Tradisi Gambang Kromong Masyarakat Betawi


Tradisi Gambang Kromong Masyarakat Betawi
Oleh: Sukotjo

Review oleh : Michael Haryo Bagus Raditya

Abstrak
Jakarta, dalam keberadaannya sebagai ibukota tidak dapat dipungkiri bila mengalami banyak gesekan kebudayaan, baik dari dalam negeri, seperti halnya kebudayaan daerah lain, juga dari luar negeri, seperti halnya westernisasi dan kebudayaan dari Negara lain. Adapun dampak yang menyebabkan kebudayaan Betawi sebagai empunya Jakarta semakin terkikis. Sehingga kebudayaan di Ibukota semakin dinamis dengan adanya dorongan eksternal tersebut, kebudayaan baru muncul, dan kebudayaan lama semakin tenggelam.
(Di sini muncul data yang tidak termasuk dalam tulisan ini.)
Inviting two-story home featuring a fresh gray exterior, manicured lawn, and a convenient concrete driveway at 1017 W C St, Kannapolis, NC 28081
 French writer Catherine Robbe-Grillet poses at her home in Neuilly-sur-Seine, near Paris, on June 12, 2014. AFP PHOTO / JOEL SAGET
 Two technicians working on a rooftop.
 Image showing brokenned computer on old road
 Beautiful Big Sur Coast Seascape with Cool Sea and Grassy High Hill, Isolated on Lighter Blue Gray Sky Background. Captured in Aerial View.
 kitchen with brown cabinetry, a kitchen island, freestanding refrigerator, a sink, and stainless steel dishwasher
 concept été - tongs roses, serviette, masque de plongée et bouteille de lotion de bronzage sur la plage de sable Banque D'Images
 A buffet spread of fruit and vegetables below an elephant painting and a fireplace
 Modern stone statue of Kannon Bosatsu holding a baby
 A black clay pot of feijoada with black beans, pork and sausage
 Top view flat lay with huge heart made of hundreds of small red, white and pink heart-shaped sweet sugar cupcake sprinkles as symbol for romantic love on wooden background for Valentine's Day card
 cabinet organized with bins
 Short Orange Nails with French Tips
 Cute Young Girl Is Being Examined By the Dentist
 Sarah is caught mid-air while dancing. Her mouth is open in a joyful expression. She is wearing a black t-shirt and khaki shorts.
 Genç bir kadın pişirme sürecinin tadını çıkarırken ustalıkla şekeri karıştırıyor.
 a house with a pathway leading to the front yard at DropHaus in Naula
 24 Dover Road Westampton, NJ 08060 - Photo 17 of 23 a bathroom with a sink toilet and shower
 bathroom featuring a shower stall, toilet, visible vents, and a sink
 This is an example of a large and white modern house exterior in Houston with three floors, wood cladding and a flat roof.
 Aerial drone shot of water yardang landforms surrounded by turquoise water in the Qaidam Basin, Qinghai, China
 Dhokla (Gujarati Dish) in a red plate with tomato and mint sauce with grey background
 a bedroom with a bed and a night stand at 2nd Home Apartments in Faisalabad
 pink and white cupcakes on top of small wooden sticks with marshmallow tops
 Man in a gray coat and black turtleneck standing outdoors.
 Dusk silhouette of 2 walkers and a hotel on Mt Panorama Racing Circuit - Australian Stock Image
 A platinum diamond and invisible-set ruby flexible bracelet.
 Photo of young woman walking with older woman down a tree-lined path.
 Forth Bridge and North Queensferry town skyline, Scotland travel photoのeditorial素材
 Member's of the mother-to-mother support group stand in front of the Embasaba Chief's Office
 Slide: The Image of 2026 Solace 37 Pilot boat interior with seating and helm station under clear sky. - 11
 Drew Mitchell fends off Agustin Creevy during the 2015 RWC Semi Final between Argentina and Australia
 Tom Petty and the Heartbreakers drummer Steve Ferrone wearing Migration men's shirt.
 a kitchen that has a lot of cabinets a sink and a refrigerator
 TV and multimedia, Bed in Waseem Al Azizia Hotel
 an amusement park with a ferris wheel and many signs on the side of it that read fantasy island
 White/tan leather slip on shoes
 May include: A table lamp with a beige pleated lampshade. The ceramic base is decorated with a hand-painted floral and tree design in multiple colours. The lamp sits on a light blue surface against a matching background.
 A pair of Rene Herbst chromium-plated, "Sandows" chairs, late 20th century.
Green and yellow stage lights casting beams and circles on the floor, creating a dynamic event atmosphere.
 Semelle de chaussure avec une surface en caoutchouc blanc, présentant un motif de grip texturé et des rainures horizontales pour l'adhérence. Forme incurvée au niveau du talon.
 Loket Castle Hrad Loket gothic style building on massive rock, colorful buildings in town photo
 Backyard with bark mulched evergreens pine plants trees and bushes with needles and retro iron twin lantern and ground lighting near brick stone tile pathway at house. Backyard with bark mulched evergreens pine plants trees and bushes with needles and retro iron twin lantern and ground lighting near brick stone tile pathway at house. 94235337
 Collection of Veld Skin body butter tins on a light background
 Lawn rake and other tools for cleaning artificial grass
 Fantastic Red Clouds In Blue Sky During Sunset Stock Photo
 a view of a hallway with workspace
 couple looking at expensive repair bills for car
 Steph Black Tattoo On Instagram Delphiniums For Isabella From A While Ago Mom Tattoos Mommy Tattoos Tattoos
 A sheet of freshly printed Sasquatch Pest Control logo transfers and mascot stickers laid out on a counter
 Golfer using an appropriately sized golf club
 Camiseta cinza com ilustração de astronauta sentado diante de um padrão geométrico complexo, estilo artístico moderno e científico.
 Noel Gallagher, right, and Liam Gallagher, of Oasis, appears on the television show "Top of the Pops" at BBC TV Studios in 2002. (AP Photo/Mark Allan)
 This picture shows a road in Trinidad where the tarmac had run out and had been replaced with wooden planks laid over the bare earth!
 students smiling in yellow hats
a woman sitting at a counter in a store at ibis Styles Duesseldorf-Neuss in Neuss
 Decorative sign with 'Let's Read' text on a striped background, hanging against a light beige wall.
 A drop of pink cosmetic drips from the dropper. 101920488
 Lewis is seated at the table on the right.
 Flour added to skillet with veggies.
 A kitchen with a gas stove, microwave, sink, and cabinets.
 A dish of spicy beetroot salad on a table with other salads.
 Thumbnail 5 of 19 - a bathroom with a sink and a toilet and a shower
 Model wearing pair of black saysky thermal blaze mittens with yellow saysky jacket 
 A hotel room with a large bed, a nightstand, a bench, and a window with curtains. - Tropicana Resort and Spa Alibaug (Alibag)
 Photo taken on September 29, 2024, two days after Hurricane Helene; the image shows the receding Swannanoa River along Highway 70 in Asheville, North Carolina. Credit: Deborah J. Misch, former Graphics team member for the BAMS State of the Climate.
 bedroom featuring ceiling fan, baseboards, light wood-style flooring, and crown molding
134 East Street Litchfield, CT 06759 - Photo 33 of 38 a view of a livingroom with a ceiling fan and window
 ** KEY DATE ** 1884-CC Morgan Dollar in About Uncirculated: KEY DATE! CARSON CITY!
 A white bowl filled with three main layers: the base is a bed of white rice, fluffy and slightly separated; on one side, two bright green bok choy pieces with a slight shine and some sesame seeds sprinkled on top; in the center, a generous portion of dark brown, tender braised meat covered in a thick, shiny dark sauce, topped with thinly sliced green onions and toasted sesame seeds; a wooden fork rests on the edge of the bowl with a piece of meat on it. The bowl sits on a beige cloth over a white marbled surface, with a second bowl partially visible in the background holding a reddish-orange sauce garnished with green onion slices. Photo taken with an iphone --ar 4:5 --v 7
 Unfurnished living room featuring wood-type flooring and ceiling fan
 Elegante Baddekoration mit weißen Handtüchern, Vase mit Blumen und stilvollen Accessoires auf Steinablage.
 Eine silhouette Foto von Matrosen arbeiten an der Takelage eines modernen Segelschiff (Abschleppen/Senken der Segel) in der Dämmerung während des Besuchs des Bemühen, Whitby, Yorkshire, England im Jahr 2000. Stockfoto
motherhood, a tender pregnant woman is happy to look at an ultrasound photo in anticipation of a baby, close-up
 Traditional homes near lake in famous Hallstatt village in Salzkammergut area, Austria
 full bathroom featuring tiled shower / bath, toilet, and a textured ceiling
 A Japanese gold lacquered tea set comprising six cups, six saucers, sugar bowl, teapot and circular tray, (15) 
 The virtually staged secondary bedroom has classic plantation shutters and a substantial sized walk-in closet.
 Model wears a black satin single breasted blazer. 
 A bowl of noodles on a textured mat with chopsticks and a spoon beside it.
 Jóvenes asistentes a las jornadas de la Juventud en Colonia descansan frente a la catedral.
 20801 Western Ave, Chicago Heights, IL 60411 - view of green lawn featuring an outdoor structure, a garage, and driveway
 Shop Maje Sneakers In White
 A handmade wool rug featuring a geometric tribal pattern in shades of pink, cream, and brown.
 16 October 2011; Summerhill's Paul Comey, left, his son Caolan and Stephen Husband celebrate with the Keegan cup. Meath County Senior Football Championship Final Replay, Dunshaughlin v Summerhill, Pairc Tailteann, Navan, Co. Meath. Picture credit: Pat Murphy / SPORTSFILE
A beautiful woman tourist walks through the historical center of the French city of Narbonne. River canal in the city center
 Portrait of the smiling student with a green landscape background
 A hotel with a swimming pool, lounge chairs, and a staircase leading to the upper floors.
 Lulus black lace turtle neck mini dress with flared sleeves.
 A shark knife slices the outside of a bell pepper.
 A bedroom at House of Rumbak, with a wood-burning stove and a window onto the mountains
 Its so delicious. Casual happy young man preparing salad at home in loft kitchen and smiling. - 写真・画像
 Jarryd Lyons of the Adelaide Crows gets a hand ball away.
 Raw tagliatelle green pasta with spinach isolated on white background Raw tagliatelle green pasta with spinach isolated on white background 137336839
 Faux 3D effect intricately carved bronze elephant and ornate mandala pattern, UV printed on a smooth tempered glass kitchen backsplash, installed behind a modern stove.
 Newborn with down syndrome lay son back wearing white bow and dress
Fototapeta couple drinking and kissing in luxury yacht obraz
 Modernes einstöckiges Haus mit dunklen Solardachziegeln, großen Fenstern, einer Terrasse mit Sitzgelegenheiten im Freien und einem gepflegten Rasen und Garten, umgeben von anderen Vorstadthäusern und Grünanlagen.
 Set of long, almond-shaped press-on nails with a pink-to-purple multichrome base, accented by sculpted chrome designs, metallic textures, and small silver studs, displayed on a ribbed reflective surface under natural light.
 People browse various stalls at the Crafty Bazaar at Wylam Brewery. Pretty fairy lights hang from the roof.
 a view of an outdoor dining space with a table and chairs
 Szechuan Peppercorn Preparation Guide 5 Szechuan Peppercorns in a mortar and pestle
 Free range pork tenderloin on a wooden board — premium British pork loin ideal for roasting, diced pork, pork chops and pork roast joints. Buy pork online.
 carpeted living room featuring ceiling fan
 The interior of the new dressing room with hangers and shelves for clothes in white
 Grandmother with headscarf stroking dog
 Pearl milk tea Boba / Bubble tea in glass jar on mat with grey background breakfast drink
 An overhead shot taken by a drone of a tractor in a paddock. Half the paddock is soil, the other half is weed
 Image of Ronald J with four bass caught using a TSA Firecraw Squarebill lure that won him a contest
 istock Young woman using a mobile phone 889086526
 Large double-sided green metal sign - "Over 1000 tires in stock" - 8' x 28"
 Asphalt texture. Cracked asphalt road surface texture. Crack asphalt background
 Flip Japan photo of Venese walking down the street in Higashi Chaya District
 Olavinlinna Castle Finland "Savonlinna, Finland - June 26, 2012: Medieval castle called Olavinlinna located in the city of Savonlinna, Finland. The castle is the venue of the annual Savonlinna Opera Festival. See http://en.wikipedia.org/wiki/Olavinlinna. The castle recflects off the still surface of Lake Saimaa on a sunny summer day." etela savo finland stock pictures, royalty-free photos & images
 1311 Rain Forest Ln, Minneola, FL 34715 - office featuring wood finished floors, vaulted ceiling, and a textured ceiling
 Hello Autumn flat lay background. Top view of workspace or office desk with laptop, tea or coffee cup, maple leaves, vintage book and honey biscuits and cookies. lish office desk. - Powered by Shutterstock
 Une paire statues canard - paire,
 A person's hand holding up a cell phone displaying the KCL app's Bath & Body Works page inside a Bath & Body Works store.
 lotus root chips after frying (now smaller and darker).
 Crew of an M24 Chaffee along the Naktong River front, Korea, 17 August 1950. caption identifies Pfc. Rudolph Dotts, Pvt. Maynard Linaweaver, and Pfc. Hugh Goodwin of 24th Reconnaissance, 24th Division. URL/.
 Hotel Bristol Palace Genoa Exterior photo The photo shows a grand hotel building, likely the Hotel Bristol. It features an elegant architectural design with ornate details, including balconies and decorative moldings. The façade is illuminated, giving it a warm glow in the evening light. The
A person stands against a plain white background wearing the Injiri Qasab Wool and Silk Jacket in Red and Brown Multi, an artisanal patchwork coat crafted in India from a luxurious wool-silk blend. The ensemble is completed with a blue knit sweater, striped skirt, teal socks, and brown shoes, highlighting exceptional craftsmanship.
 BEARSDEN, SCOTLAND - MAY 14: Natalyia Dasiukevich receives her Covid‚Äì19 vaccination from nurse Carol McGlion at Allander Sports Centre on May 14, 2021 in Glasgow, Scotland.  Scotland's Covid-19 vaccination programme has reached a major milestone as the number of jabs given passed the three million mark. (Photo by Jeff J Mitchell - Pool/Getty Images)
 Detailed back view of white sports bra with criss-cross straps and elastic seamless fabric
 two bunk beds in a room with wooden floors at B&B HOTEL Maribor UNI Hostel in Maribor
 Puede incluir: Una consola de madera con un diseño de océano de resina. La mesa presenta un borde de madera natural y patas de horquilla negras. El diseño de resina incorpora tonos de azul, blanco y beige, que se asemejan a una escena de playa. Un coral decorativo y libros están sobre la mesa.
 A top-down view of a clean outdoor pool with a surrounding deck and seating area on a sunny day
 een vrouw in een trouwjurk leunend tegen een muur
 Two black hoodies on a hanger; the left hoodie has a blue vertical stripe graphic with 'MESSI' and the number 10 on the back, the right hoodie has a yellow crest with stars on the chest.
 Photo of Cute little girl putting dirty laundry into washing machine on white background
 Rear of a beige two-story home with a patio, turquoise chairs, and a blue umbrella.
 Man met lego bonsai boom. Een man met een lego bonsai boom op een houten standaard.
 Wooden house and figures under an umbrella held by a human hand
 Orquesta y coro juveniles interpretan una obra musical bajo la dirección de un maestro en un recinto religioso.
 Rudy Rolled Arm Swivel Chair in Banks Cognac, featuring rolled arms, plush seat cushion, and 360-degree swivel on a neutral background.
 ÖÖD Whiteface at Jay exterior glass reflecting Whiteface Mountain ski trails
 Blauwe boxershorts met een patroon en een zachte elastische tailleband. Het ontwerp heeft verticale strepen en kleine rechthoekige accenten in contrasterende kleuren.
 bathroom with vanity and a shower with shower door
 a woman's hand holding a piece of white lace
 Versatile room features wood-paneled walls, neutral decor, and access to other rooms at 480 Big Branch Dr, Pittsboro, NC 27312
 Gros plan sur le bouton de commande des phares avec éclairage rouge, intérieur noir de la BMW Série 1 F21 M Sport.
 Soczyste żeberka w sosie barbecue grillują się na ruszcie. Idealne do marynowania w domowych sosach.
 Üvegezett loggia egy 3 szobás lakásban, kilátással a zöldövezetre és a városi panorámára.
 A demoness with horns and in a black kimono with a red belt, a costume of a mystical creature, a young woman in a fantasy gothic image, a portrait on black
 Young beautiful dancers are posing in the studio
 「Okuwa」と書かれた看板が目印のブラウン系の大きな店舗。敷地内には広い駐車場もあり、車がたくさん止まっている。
Pada hal ini, Betawi memiliki Gambang Kromong sebagai salah satu kebudayaan Jakarta yang nasibnya mengambang. Pada dasarnya Gambang Kromong merupakan kebudayaan betawi yang dimiliki masyarakat pendatang (China). Menurut Sukotjo, Gambang Kromong digunakan pertama kali oleh orang China Benteng, dan dalam keberadaannya bernagsut-angsur menjadi milik betawi. Gambang Kromong merupakan perpaduan dari beberapa alat musik yang berasal dari India, Indonesia, China dan kini, barat. Jadi dapat disimpulkan bahwa Gambang Kromong merupakan gabungan kebudayaan dan menjadi kebudayaan baru yaitu Gambang Kromong Betawi. Seiring dengan perkembangan zaman dan eksistensi Gambang Kromong yang menjadi ikon musik Betawi dalam ranah pariwisata, membuat Gambang Kromong harus terus beradaptasi dengan jenis musik dan alat musik baru yang muncul, agar eksistensi Gambang Kromong kembali ke masa kejayaannya.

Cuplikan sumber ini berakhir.